- Cowley, Abraham
- Autograph letter signed, to an unnamed English Lord then resident in Poland
Writing with ill-founded optimism about the Royalist cause, providing news of Cromwell's invasion of Scotland ("...The danger of Cromwells overrunning us in Scotland as hee had donne before in England and Ireland seemes to be past, and the violent motion of the wheele being once stopped it will bee more easy to turn it the other way...") as well as affairs in England, Ireland, Holland, and Portugal, three pages, the text continuing up the margins on two pages, the final page of the bifolium being taken by an autograph letter, unsigned, by Cowley's patron Henry Jermyn, later First Earl of St Albans, to the same correspondent, on the finances of the exiled royal family ("...thear is really noe misery nor poverty equall to that this house nowe suffers..."), altogether four pages, folio (335 x 230 mm), Paris, 3 September 1650 [new style], docketed ("Mr Cowleys letter"); damp, and dust stained, tears neatly repaired.

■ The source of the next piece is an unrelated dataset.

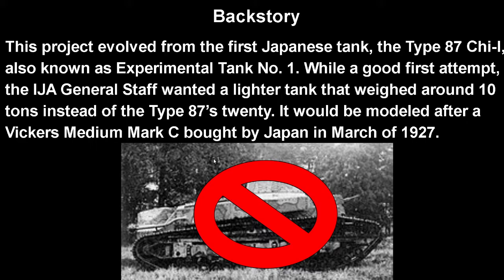This project evolved from the first Japanese tank, the Type 87 Chi-I, also known as Experimental Tank Number One. While a good first attempt, the Imperial Japanese general staff wanted a lighter tank that weighed around 10 tons instead of the Type 87's 20 tons. It would be modeled after the Vickers Medium Mark C, which was bought by Japan in March of 1927.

Red folder and matching red morocco-backed folding-box.
Sotheby's, 2 April 1973, lot 231, to A.R. Heath— Sotheby's, 18 December 1986, lot 3. acquisition: Purchased at the foregoing sale through Bernard Quaritch Ltd
CELM CoA 227
A long letter by the great Royalist poet, detailing the plight of his political cause
. It is a letter full of optimism, pinned on hopes that would soon crumble. Cowley's great news was the Parliamentary invasion of Scotland and he makes much of Cromwell's early difficulties against the Covenanters' army. However Cromwell's move to Dunbar was just a tactical retreat: he was shortly to crush the Scottish army at the Battle of Dunbar, the most devastating victory of his formidable career (the battle took place on 3 September old style, which was ten days later than this letter, with its new-style dating). Cowley also writes in expectation that Prince Rupert would soon control the seas with Portuguese help; in fact Blake would shortly take Portugal out of the war by capturing her Brazil fleet, leaving Prince Rupert's navy homeless and reduced to mere piracy. The Royalist attempts to forge an international alliance likewise foundered, and a year after this letter (on the anniversary of Dunbar) the last Royalist army was defeated at the Battle of Worcester.
Autograph material by Cowley is extremely rare on the market. This letter and one autograph manuscript poem are the only items to have sold at auction in forty years. Altogether some forty autograph letters by Cowley are recorded, the vast majority in institutional collections.